Which is another way of saying Joker is simply an anti-hero, albeit a complicated one. Complicated characters are more interesting, as critics usually agree. Yet so much terrible media coverage is attached to this film that Warner Bros. felt obligated to put out the following statement: “It is not the intention of the film, the filmmakers or the studio to hold this character up as a hero.” This ought to be obvious. Arthur Fleck is a creep, a loser, and a psycho. He is meant to freeze your marrow, not inspire you to follow him. Nobody in his right mind looks at this diseased character and thinks, “Role model.” Nor is the movie “empathetic” toward Joker (the New York Times). The audience isn’t meant to feel what he feels. We can marvel at the character study of a twisted soul without having the slightest desire to be like the anti-hero it depicts. The film is “a way to sneak a real movie in the studio system under the guise of a comic book film,” as Phillips told The Wrap.
The Left seems to be stirred up about Joker because it thinks that there are armies of alt-right incels out there ready to strike, awaiting a movie to tell them it’s okay. While it’s understandable that people worry about mass public shootings these days, psychotic killers by definition don’t think in linear, logical ways. As Phoenix put it in an interview with IGN, “If you have somebody that has that level of emotional disturbance, they can find fuel anywhere.” Even in the most notorious case of real-life violence being linked to movie murder, the reasoning is cracked. In Taxi Driver, a psycho stalks a presidential candidate with intent to murder him, slinks away because security looks threatening, then decides to murder a pimp and others responsible for the degradation of a child prostitute.
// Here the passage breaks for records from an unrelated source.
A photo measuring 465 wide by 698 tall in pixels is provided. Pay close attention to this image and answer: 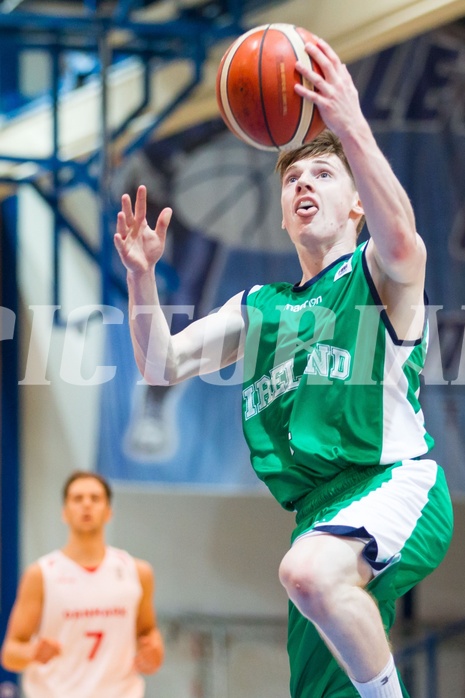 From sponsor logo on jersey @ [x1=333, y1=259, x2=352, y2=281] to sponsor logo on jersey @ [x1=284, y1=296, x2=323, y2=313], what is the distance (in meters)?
0.08

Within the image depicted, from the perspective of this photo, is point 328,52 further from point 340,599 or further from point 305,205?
point 340,599

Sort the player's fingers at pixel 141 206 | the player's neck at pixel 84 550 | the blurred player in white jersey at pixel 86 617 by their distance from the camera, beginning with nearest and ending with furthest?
1. the player's fingers at pixel 141 206
2. the blurred player in white jersey at pixel 86 617
3. the player's neck at pixel 84 550

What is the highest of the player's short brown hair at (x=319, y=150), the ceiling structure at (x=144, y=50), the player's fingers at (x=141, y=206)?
the ceiling structure at (x=144, y=50)

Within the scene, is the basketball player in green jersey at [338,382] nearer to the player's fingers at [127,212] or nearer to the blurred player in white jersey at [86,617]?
the player's fingers at [127,212]

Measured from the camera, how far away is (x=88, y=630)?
5.97 metres

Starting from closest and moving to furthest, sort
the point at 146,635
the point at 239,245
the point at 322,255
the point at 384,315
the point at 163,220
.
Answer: the point at 384,315, the point at 163,220, the point at 322,255, the point at 146,635, the point at 239,245

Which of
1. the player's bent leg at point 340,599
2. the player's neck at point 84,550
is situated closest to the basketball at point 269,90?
the player's bent leg at point 340,599

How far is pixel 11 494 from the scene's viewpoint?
10.1 m

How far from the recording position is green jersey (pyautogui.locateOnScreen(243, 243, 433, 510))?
3.09 m

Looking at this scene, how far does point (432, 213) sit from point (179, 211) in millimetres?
2089

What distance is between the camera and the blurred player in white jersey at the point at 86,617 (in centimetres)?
581

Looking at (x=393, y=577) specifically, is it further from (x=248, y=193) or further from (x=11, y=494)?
(x=11, y=494)

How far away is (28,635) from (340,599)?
11.3ft

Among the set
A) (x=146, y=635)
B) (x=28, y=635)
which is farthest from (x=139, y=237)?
(x=146, y=635)
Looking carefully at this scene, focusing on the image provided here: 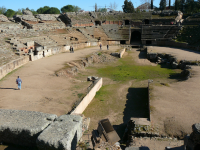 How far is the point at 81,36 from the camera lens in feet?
119

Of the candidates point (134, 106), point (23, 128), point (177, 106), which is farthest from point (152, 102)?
point (23, 128)

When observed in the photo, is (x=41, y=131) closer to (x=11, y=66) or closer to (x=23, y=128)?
(x=23, y=128)

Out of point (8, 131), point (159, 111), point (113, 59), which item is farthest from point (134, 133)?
point (113, 59)

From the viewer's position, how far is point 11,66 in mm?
17016

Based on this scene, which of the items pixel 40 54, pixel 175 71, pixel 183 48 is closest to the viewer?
pixel 175 71

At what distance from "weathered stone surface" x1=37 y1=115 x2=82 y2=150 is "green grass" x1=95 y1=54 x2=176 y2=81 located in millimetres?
12707

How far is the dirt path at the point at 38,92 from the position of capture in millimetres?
10485

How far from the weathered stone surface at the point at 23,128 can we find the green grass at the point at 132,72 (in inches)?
502

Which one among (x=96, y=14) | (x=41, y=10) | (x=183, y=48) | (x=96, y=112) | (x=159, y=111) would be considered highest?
(x=41, y=10)

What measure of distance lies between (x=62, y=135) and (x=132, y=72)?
53.4ft

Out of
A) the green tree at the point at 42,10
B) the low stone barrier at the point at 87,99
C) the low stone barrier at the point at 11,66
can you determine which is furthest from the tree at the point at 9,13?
the low stone barrier at the point at 87,99

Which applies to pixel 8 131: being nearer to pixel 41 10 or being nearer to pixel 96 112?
pixel 96 112

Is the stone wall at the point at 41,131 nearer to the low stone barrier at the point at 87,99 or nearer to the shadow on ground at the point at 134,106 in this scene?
the low stone barrier at the point at 87,99

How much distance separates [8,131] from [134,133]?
5.02 m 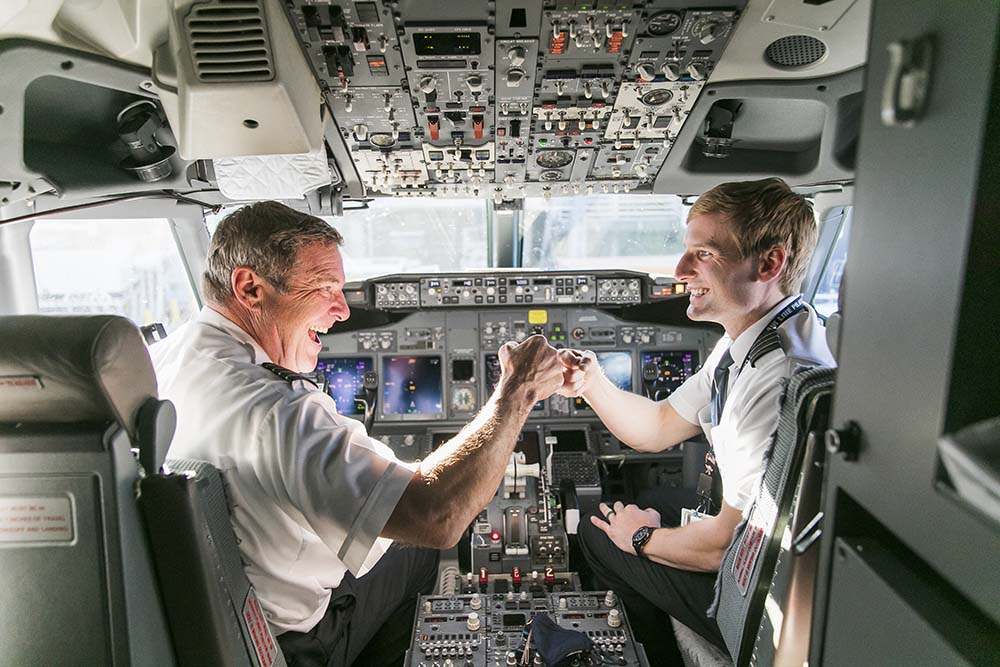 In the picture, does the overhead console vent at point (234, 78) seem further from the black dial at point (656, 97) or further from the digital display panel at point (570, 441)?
the digital display panel at point (570, 441)

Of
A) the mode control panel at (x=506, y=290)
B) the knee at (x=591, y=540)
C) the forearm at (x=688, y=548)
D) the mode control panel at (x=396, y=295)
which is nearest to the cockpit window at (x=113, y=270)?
the mode control panel at (x=396, y=295)

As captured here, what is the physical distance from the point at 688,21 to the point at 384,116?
109 centimetres

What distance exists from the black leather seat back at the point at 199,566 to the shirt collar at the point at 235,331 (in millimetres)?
398

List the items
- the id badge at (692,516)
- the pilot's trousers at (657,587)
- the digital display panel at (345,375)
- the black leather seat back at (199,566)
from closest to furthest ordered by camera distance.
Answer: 1. the black leather seat back at (199,566)
2. the pilot's trousers at (657,587)
3. the id badge at (692,516)
4. the digital display panel at (345,375)

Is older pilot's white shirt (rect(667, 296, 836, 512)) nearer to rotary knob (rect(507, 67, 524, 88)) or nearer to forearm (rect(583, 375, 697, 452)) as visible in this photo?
forearm (rect(583, 375, 697, 452))

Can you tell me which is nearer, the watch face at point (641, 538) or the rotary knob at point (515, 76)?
the rotary knob at point (515, 76)

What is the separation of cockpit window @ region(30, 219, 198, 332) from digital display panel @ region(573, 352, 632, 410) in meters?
2.71

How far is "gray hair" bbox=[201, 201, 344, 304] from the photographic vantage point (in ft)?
5.56

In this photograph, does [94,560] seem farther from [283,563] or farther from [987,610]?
[987,610]

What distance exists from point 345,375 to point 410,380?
0.42 metres

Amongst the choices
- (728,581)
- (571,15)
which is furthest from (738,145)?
(728,581)

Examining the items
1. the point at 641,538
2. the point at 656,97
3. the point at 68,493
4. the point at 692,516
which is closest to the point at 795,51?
the point at 656,97

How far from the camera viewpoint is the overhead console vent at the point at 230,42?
1.47m

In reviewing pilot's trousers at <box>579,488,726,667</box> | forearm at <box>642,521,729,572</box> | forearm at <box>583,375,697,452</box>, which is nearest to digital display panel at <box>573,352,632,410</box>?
pilot's trousers at <box>579,488,726,667</box> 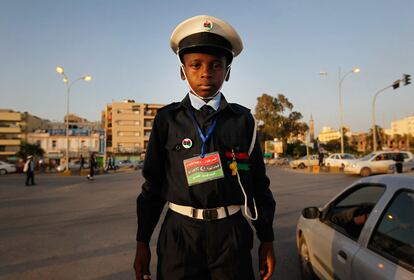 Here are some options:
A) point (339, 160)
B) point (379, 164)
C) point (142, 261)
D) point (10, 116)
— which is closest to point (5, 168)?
point (339, 160)

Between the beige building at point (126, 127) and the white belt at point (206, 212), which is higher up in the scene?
the beige building at point (126, 127)

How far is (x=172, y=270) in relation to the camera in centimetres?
148

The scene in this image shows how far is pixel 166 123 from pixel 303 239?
2648 mm

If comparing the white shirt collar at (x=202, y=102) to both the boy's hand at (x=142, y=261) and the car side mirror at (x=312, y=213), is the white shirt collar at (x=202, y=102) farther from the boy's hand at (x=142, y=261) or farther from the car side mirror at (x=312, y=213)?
the car side mirror at (x=312, y=213)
In a game of psychotic telephone, this got distorted into a call to shoot President Reagan in order to impress the actress who had played the prostitute in the movie. Should we hold Martin Scorsese liable for this psychotic logic, and if so, where does this end? From Bonnie and Clyde on, portraying killers as fun, sexy, devilishly charming rogues has been a staple of pop culture.
But here are two movies that don’t make their protagonists look good: Taxi Driver and Joker. Travis Bickle and Arthur Fleck are wretched, foul human beings, not someone any non-crazy person would try to emulate. That Phoenix and Phillips tell the Joker’s story from deep within his wretchedness and pain (instead of from Batman’s point of view) doesn’t differ conceptually from Richard III. In both cases, that the audience can grasp the suffering of the anti-hero is a mark of success on the part of the artist. But in both cases that figure is also obviously a monster.